Date: Thursday, November 6. Time: noon. Location: lecture hall.
Details
> No books, notes, electronic devices, etc., just exam booklets, pens, this sheet.
> Exam ends at precisely 1:15—no extra time for anyone.
> Please write in pen or pencil, using only one side of each page.
> We may assign or re-assign seating before or during the exam.
> No seminar meetings after the exam.
Exam Questions
1) Slavery generated heated controversy in antebellum America, prompting contemporary writers and critics to address the subject from a variety of perspectives and in a variety of cultural forms. Write an essay which analyzes three of the following four antebellum depictions/discussions of slavery: David Walker’s “Appeal” (1829), George L. Aiken’s dramatization of Uncle Tom’s Cabin (1852), Melville’s Benito Cereno (1856), and Harriet Jacobs’ Incidents in the Life of a Slave Girl (1861).
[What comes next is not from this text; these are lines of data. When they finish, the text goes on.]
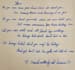 write anything in beautiful and neat cursive handwritting
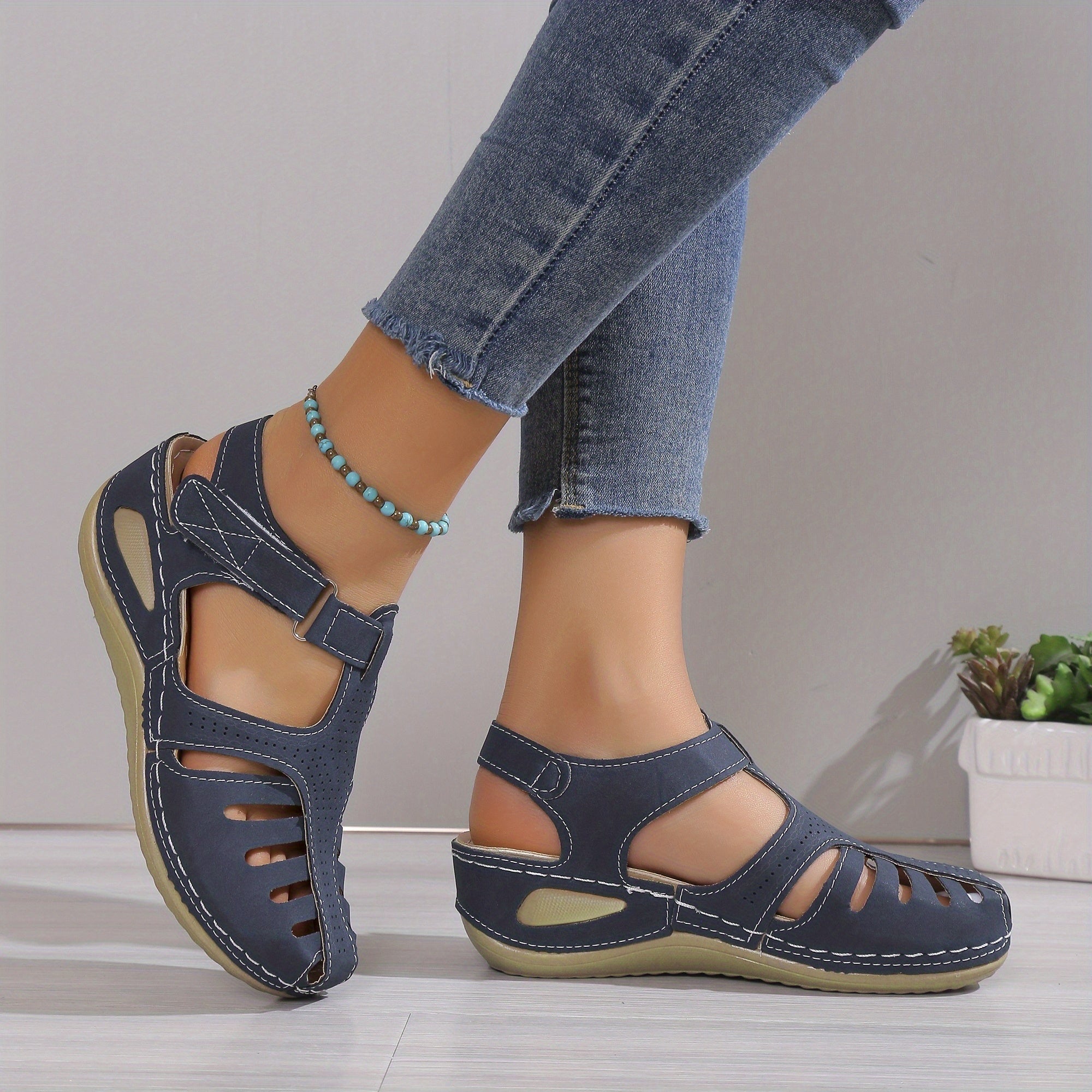 Marley | Orthopedic Platform Sandals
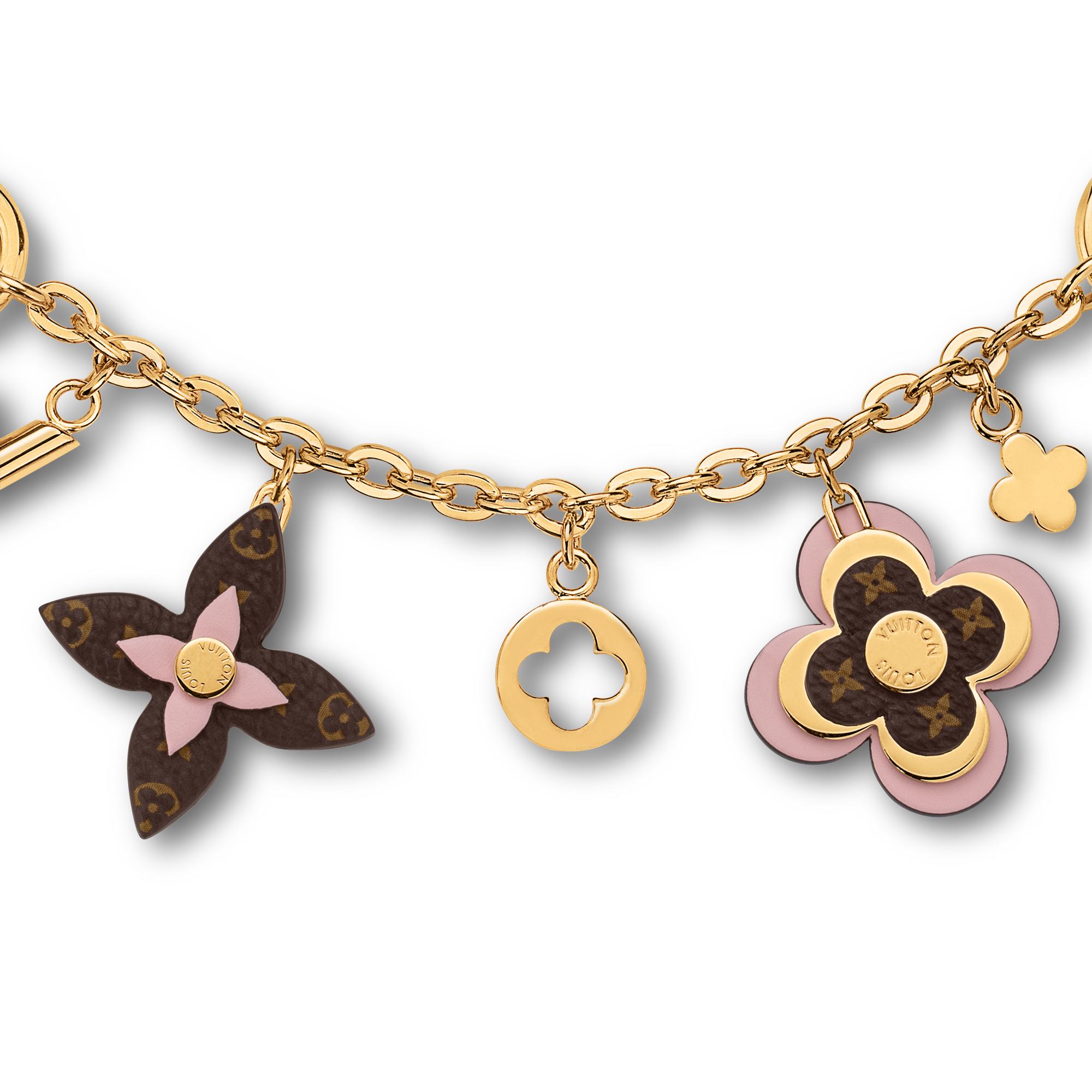 S00 Accesorios Llaveros y charms  Charm de cadena Blooming Flowers | Louis Vuitton ® (Ampliar producto)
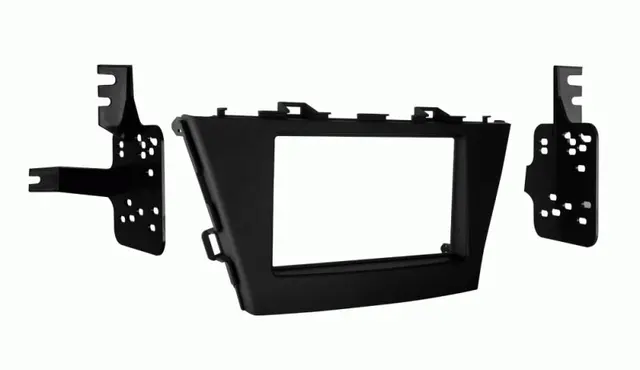 METRA Premium monteringsramme 2-DIN Toyota Prius+ (2012-->) 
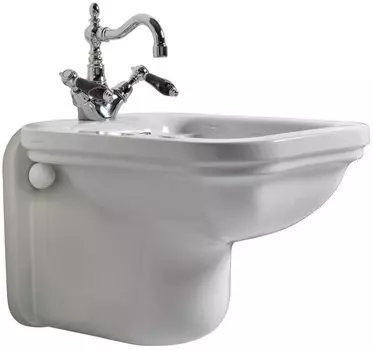 Биде подвесное Kerasan 4125K1bi/cr*1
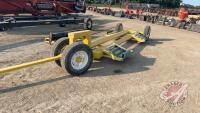 Bergen 4 wheel swather transport, H198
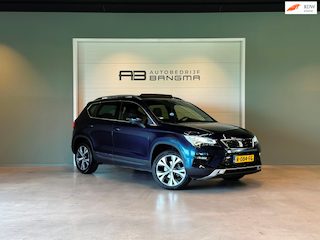Seat Ateca 1.5 TSI AUTOMAAT XCELENNCE BUSINESS INTENSE/CLIMA AIRCO/NAVIGATIE/CRUISE CONTROL/LM-VELGEN/ISOFIX/APPLE CARPLAY+ANDROID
The essay must have a unifying theme or argument, and it must consider how the text’s form (essay, play, short fiction, autobiography) affects its content. The latter will involve examining literary elements such as setting, character, theme, language, imagery, audience, etc.
2) Many of the works we have studied take up the issue of national identity, attempting to answer the question of what America and Americans are or ought to be. Choose three text we’ve read since the last midterm, explain how they represent American identity, and using specific examples demonstrate how those representations influence or characterize contemporary notions of the nation.
3) Subversion has been a recurring theme in our study of the Early American Republic. The verb “subvert” (Latin: subvertere / sub – from below; vertere – to turn) is defined as the attempt to undermine the power and authority of an established system or institution. Often, those who make such attempts do so because they feel deprived of power and civil or human rights. Therefore, in contrast to the ways in which the political and cultural elite exercise power “from above,” they find ways to exercise power “from below.”
Craft an essay that includes the following elements:
1) A substantial presentation of three examples of subversive activity evident in the Early Republic/antebellum period, respectively featuring Euro-Americans, African Americans, and women.
[NOTE: each example must incorporate available and pertinent material from a primary source, the Norton, and/or a lecture.]
2) Your own conclusive assessment of the role that subversion plays in effecting historical change.